Share |

Inquérito às Condições, Origens e Trajetórias da População Residente

Um combate eficaz ao racismo requer um conhecimento aprofundado e rigoroso deste fenómeno complexo e multidimensional. O Bloco de Esquerda defendeu que os Recenseamentos da População e da Habitação (Censos) a realizar em 2021 contemplassem a recolha de dados sobre a origem ou pertença étnico-racial da população residente em Portugal, tendo incluído essa medida no programa eleitoral com que se apresentou às eleições legislativas de 2019.

Fê-lo porque considera que os Censos representam um importante instrumento para obter um retrato mais preciso da diversidade de que é composto o país, mas também para avaliar a desigualdade e a discriminação com base étnico-racial existentes e apoiar a sua correção através de políticas públicas.

Esta posição do Bloco está, aliás, em linha com as recomendações de organizações internacionais como as Nações Unidas e do Grupo de Trabalho criado em 2018 pelo anterior Governo para estudar a possibilidade da recolha de dados étnico-raciais nos Censos 2021, assim como com as reivindicações da maioria das organizações antirracistas.
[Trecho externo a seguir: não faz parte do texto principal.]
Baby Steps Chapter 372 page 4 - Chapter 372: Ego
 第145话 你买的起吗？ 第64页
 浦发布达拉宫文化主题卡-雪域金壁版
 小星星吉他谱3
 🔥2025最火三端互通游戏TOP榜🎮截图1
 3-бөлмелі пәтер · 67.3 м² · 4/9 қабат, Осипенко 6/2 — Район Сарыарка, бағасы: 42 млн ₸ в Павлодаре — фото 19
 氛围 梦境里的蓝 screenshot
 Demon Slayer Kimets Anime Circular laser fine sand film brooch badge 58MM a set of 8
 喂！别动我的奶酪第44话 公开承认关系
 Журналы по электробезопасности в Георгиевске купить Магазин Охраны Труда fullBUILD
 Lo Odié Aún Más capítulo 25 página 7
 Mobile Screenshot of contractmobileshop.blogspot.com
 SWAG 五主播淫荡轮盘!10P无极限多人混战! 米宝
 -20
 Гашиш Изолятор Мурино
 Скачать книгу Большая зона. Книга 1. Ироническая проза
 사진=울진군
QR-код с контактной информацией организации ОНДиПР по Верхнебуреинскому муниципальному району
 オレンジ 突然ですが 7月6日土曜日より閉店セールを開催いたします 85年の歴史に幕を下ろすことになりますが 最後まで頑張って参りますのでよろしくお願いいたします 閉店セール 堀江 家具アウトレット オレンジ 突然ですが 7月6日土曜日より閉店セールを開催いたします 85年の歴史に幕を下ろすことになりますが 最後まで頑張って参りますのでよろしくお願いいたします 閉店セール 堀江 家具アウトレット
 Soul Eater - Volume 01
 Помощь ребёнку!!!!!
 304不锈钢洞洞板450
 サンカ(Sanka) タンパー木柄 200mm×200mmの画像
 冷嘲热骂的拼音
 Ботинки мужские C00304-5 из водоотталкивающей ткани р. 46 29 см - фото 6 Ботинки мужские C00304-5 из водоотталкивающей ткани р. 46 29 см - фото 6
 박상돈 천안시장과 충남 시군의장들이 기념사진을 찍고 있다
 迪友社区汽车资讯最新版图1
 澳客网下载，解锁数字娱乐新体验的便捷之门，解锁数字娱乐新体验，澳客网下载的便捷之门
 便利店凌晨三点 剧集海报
Contudo, o Instituto Nacional de Estatística (INE) decidiu, após parecer do Conselho Superior de Estatística, não incluir nos Censos 2021 qualquer questão sobre origem/pertença étnico-racial, argumentando que “a recolha desta informação não é passível de ser efetuada com os níveis de qualidade desejados nesta operação” e representa “ um risco para a realização da operação censitária como um todo”.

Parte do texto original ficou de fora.